Say how many lines in the data hold "Road". Nothing else belongs in the answer.

==== Data for processing ====

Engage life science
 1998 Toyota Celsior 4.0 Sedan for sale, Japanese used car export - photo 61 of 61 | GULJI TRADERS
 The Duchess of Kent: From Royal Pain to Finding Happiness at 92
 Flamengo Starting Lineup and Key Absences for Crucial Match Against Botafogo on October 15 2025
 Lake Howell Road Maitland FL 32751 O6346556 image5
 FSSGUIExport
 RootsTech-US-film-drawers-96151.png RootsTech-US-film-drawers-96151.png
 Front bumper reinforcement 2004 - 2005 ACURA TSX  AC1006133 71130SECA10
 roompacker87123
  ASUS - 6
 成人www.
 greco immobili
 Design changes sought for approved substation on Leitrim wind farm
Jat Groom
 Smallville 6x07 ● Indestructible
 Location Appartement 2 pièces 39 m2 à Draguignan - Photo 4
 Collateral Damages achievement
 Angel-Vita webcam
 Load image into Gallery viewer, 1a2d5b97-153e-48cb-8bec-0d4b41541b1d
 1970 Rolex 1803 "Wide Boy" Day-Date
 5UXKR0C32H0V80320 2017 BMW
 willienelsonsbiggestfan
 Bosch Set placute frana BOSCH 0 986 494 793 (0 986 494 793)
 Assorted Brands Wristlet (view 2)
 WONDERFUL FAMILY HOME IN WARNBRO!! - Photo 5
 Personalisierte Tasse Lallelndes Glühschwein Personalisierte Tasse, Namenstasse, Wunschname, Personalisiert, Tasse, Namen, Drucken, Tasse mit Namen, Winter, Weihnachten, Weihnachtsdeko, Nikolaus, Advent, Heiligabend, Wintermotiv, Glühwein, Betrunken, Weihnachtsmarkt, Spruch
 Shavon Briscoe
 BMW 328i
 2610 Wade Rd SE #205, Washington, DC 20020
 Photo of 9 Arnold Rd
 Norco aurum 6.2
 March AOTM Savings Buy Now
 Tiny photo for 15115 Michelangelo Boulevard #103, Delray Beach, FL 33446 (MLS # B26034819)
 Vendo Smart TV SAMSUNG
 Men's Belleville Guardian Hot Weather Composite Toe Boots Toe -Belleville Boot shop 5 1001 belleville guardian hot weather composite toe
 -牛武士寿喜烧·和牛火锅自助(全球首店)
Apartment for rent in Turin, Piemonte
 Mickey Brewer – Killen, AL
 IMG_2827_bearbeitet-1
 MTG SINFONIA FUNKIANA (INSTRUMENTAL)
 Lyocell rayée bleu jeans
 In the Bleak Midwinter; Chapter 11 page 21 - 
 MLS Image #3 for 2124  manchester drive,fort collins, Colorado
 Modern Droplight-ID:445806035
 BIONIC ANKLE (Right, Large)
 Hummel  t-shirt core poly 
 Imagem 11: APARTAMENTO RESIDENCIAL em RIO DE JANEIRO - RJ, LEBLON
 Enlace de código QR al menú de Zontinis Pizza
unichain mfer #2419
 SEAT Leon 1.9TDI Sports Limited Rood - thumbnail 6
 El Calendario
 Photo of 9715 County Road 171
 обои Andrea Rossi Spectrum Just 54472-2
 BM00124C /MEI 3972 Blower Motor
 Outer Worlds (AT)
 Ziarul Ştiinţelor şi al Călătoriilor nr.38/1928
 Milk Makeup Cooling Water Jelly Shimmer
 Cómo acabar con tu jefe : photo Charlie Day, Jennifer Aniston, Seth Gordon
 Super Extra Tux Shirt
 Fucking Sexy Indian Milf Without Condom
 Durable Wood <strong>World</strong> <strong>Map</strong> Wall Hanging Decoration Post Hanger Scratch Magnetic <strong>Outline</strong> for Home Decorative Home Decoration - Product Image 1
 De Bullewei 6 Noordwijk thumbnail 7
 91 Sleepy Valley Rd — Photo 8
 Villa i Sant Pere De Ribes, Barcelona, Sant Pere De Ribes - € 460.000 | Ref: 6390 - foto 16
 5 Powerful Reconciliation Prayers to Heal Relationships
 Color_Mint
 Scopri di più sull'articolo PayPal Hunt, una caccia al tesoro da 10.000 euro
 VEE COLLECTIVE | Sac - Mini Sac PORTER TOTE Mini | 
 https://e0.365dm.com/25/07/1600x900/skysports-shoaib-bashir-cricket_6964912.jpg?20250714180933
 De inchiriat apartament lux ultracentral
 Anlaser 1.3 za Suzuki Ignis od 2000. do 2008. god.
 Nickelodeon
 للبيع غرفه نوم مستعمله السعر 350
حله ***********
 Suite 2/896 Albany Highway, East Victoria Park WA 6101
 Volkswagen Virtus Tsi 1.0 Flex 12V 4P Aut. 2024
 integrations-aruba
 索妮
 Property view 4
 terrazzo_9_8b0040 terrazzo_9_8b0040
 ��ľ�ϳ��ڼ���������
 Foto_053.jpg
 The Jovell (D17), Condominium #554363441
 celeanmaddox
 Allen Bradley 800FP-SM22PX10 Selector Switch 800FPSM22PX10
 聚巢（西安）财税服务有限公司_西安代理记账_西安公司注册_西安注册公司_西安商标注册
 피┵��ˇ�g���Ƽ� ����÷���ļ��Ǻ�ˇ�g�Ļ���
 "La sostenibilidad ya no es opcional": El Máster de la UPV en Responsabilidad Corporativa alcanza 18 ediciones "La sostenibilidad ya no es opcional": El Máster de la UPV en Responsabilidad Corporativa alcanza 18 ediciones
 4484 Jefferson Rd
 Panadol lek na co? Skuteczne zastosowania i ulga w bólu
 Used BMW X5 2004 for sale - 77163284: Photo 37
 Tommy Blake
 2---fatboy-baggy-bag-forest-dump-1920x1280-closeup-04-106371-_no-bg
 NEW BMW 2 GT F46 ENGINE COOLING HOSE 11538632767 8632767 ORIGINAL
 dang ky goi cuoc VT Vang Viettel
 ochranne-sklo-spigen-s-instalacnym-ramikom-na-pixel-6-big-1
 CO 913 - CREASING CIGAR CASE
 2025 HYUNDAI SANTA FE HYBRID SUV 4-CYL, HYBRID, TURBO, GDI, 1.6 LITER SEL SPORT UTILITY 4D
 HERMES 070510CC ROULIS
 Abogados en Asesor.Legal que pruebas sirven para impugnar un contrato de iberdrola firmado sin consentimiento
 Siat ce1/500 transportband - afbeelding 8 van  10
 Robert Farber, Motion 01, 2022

====

● Response below: 2